Dennis and his fellow Connectors have become technology ambassadors in Windsor (pop. 2,283) and Bertie County, NC, where only one in four residents uses broadband – about half the national average.
This type of community outreach is one of the key aspects of being a Digital Connector, and one of the many reasons Comcast signed on as a national partner. The initial Comcast Digital Connectors groups have been up and running for a couple of months in Washington, D.C., Springfield, MA and Miami, FL.
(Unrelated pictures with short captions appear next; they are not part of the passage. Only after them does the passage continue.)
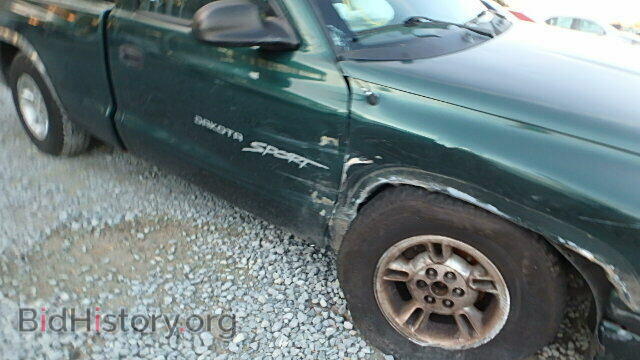 2000 DODGE DAKOTA - VIN: 1B7FL26X8YS716145 - Фото 10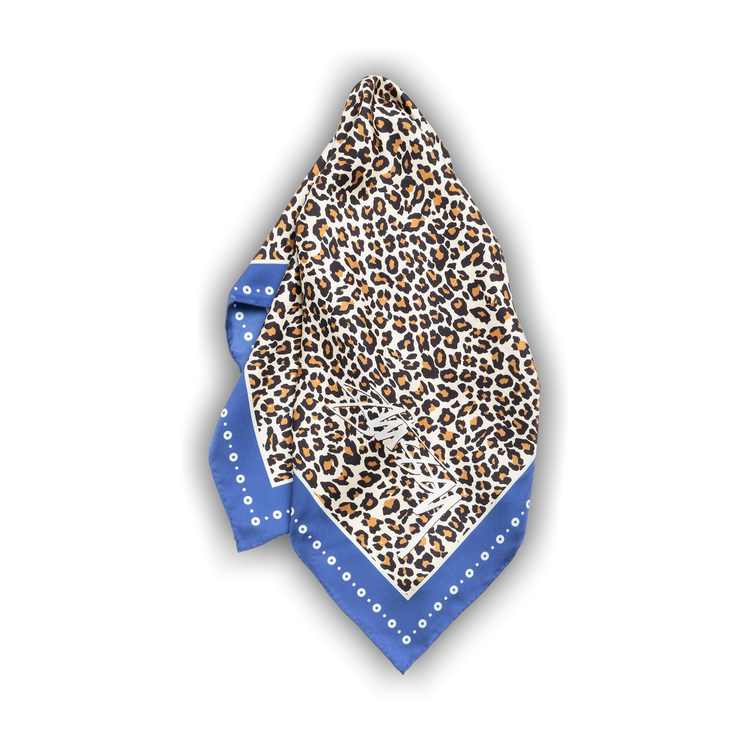 Buy Stussy Pattern Silk Bandana 'Leopard' - 138965 LEOP | GOAT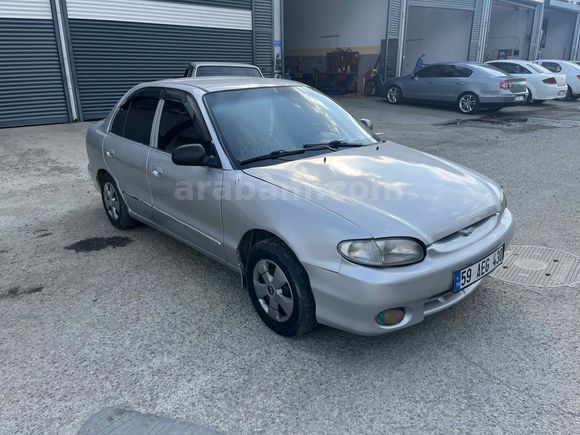 Galeriden Hyundai Accent 1.3 LS 1999 Model Tekirdağ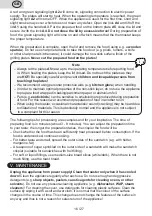 Preview for 16 page of eta Kvadro Instructions For Use Manual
I talked with Marcos Cea, Flor Romero and Laura Ventura, three of the D.C. participants, whose program meets at the Latin American Youth Center. Each of these young Comcast Digital Connectors (for whom Spanish has been their primary language) expressed how much impact the program has had on them already. And each has begun to spend time in the community, primarily removing computer viruses and installing software. It’s a starting point, and in the near future they’ll begin to experience exactly what Dennis was talking about.
Ceremonies included remarks from Lavonda Gray (who joined Dennis as an alumni representative), Comcast executives David L. Cohen and Joe Waz, and One Economy co-founder and CEO Rey Ramsey. Rey told the audience, "I don’t talk about the digital divide, I talk about digital opportunity. That's what the Digital Connectors program is all about."
Afterward, I was able to pull Rey aside for a brief moment. He explained that One Economy "started in a basement in 2000, in the midst of a recession, with four people and little money."
And today? "Well, I definitely had a dream," he said. "But to be standing in the halls of Congress, talking with senators and corporate executives about this great program … only in your biggest dreams do you ever think something like that will happen."